如今,斯人已逝,属于充和的那个时代已经结束,留给后人思考的是,究竟是怎样的人生境遇才能历练出她的这份超然与洒脱?

青年作家王道的新书《一生充和》就详尽地写出了充和跌宕又雅致的一生,展示了张充和女士的艺术精神和传统之美。

王道是江苏省作家协会签约作家,因在江南水乡长大,其作品大多书写江南名门之传奇,并常常通过实地研究以获得第一手资料。

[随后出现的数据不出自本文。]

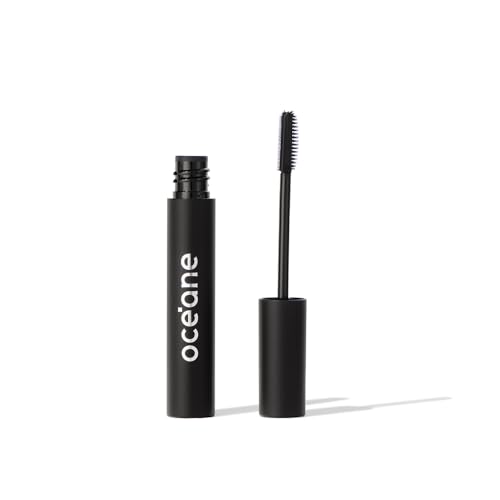 Gel Fixador para Sobrancelhas Incolor - Instant Brows Océane Purple 1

他从充和在合肥、苏州的童年往事,北平求学、代课、成婚,青岛养病、学戏,到抗战后流寓昆明编书授课,辗转重庆整理礼乐,婚后赴美传播昆曲与书法,随丈夫赴日本学术交流,清晰地为我们勾勒出充和平凡而丰盈的一生。

充和尚在襁褓之中时,就被抱到合肥老家龙门巷,由她的叔祖母识修收养。识修对充和寄予众望,她不希望充和因为被自己抱养而在学业上落后。当充和一点点长大,识修就开始为她四处物色好老师,教授充和古文、诗词和书法。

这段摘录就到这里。